■ **PROBLEM DESCRIPTION**:
Reproduce exactly the lines below from the one containing "Ubiquiti Precision Rack" through the one containing "Видеокарта rx580 8gb sp 2048", including both, and nothing else.

■ **SUPPLIED RECORDS**:
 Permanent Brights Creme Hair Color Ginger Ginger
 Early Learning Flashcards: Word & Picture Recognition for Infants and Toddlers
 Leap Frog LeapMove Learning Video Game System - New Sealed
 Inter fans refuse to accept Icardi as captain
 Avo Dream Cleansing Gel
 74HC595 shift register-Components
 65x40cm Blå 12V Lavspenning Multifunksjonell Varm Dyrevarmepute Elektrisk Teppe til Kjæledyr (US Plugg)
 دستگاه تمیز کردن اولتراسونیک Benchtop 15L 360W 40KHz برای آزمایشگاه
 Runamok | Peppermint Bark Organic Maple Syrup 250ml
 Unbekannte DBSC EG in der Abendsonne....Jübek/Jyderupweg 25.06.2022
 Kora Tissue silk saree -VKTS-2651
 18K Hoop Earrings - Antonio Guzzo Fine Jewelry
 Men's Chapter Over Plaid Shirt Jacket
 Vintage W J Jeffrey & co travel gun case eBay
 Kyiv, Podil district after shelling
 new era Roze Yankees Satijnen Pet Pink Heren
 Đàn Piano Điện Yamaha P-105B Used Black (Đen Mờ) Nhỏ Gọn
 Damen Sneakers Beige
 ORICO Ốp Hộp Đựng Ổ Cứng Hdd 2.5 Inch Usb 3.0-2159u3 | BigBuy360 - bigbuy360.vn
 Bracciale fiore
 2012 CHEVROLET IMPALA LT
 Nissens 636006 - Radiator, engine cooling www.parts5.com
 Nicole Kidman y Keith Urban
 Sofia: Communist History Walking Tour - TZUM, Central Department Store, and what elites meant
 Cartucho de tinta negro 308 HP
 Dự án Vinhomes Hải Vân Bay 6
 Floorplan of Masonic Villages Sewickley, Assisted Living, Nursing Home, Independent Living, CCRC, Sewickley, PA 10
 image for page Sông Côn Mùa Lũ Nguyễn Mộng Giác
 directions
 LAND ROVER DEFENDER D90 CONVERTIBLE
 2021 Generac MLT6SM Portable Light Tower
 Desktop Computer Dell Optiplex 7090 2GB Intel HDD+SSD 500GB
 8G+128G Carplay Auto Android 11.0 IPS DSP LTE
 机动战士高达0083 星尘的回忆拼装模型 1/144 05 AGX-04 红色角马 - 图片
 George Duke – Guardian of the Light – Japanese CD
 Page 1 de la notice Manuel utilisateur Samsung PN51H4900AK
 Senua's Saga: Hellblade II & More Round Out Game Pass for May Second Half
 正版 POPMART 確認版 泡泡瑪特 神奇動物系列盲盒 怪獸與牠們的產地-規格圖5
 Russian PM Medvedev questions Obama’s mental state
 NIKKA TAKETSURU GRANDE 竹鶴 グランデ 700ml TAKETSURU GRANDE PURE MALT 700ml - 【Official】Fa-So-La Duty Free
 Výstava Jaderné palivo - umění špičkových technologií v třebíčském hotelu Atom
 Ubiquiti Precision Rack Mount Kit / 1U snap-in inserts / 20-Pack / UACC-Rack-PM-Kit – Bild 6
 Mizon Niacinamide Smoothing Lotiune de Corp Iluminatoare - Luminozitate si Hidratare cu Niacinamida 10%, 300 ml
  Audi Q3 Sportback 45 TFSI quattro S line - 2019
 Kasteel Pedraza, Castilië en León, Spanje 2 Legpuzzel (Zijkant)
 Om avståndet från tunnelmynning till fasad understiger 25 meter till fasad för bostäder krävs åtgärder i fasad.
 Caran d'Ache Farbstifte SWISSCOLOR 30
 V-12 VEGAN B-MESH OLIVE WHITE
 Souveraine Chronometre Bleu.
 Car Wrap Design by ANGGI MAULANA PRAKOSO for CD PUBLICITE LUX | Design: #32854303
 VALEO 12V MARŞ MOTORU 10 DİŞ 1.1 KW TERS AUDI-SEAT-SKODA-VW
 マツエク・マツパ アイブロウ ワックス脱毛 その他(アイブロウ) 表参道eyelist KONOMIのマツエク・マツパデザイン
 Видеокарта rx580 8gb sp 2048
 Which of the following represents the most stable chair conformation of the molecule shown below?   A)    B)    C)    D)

■ **PROBLEM SOLUTION**:
 Ubiquiti Precision Rack Mount Kit / 1U snap-in inserts / 20-Pack / UACC-Rack-PM-Kit – Bild 6
 Mizon Niacinamide Smoothing Lotiune de Corp Iluminatoare - Luminozitate si Hidratare cu Niacinamida 10%, 300 ml
  Audi Q3 Sportback 45 TFSI quattro S line - 2019
 Kasteel Pedraza, Castilië en León, Spanje 2 Legpuzzel (Zijkant)
 Om avståndet från tunnelmynning till fasad understiger 25 meter till fasad för bostäder krävs åtgärder i fasad.
 Caran d'Ache Farbstifte SWISSCOLOR 30
 V-12 VEGAN B-MESH OLIVE WHITE
 Souveraine Chronometre Bleu.
 Car Wrap Design by ANGGI MAULANA PRAKOSO for CD PUBLICITE LUX | Design: #32854303
 VALEO 12V MARŞ MOTORU 10 DİŞ 1.1 KW TERS AUDI-SEAT-SKODA-VW
 マツエク・マツパ アイブロウ ワックス脱毛 その他(アイブロウ) 表参道eyelist KONOMIのマツエク・マツパデザイン
 Видеокарта rx580 8gb sp 2048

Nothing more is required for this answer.